At Franks Drum Shop in Chicago in the Sixties, Every Instrument Imaginable was Available for Rent or Purchase
Percussionists have always made their own instruments. This post talks about Franks Drum Shop, Maurie Lishon and his son, Chuck, and some of the custom percussion instruments made in its “Goodie Room,” as reported in a 1967 Chicago Sun-Times article by Abra Prentice.

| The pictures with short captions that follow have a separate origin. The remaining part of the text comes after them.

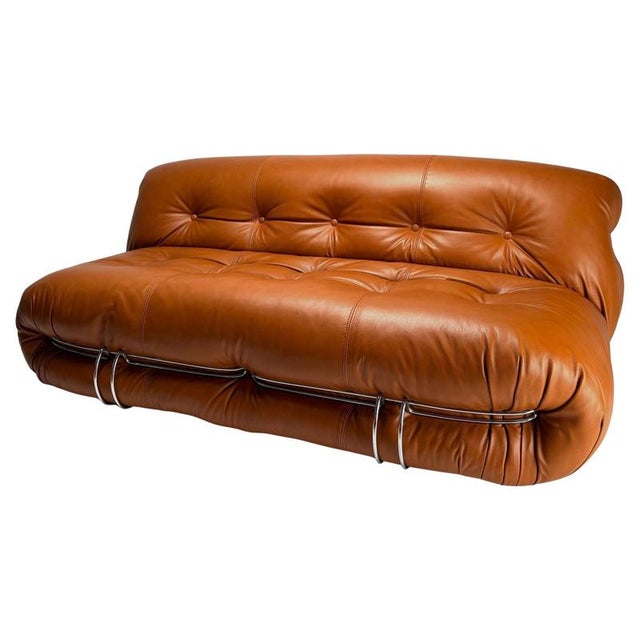 Soriana Sofa by Afra & Tobia Scarpa for Cassina, 1970s For Sale - Image 13 of 13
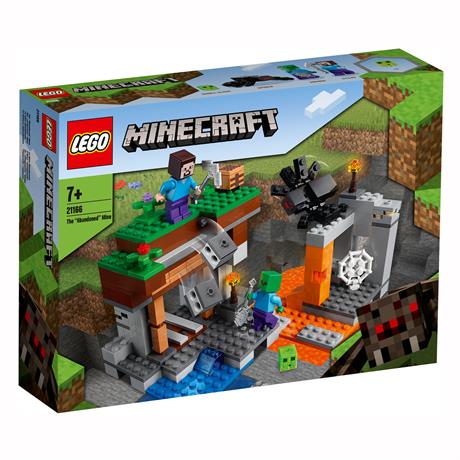 Конструктор LEGO Minecraft Закинута шахта 248 деталей (21166) - фото 0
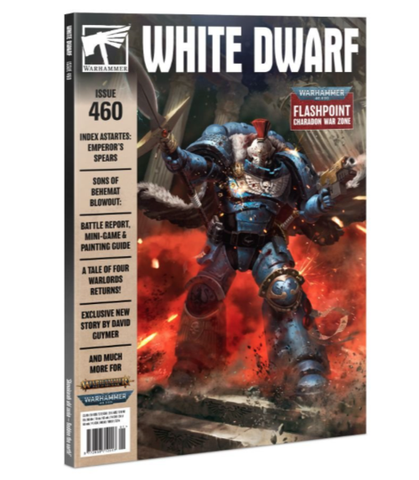 White Dwarf Issue 460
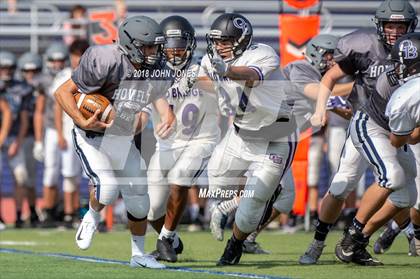 Thumbnail 3 in Howell vs Old Bridge (Scrimmage) photogallery.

FRANKS DRUM SHOP, a place musicians in Chicago called “Percussion Central” in the sixties, was owned by Harry Brabec’s old pal, Maurie Lishon (1914-2000). Conveniently located on Wabash Avenue, the drum shop drew a steady crowd of both local and out-of-town percussionists, offering every instrument imaginable for rent or purchase. Anything it didn’t have, it could make to order, and most of those custom percussion instruments were truly unique.
When Franks Drum Shop shop went bankrupt in 1984, the name was bought by Bill Crowden, who owned a competitive drum shop next door called Drums Unlimited. (See “A Tale of Two Drum Shops” article. His shop thrived until Chicago’s changing music scene prompted him to close in 1991.)
These two drum shops, now just a part of Chicago’s interesting music history, are featured on this website, which honors the memory of one of the percussionists who spent many an enjoyable hour in both of these historic shops.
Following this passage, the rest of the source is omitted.